After completing the simulations, check the results
folder. log.txt
contains detailed steps and seeds for each simulation, and all simulation videos are saved here too.
📝 Note: During DiLu execution, the 'highway-env' pygame window might appear unresponsive.
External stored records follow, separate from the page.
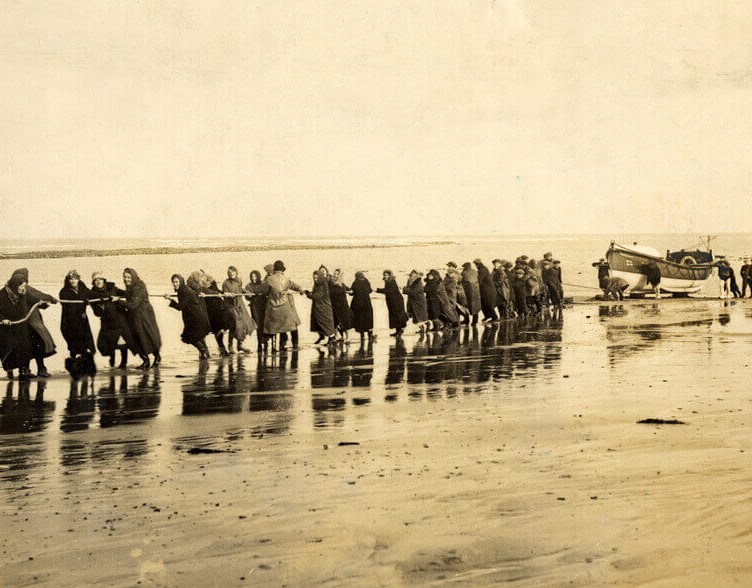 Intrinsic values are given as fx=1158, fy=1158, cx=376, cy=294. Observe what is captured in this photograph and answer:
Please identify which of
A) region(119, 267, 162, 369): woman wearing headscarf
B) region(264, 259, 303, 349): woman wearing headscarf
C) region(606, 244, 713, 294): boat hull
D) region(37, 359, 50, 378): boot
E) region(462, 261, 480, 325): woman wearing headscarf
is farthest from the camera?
region(606, 244, 713, 294): boat hull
If the terminal is actively outputting, everything is running as expected.
Use reflection module:
To activate the reflection module, set reflection_module
to True in config.yaml
. New memory items will be saved to the updated memory module.
4. Visualizing Results 📊
We provide a visualization scripts for the simulation result.
python ./visualize_results.py -r results/highway_0.db -m memories/20_mem
Open http://127.0.0.1:7860
to view each frame's prompts and decisions!
🔖 Citation
If you find our paper and codes useful, please kindly cite us via:
@article{wen2023dilu,
title={Dilu: A knowledge-driven approach to autonomous driving with large language models},
author={Wen, Licheng and Fu, Daocheng and Li, Xin and Cai, Xinyu and Ma, Tao and Cai, Pinlong and Dou, Min and Shi, Botian and He, Liang and Qiao, Yu},
journal={arXiv preprint arXiv:2309.16292},
year={2023}
}
📝 License
DiLu is released under the Apache 2.0 license.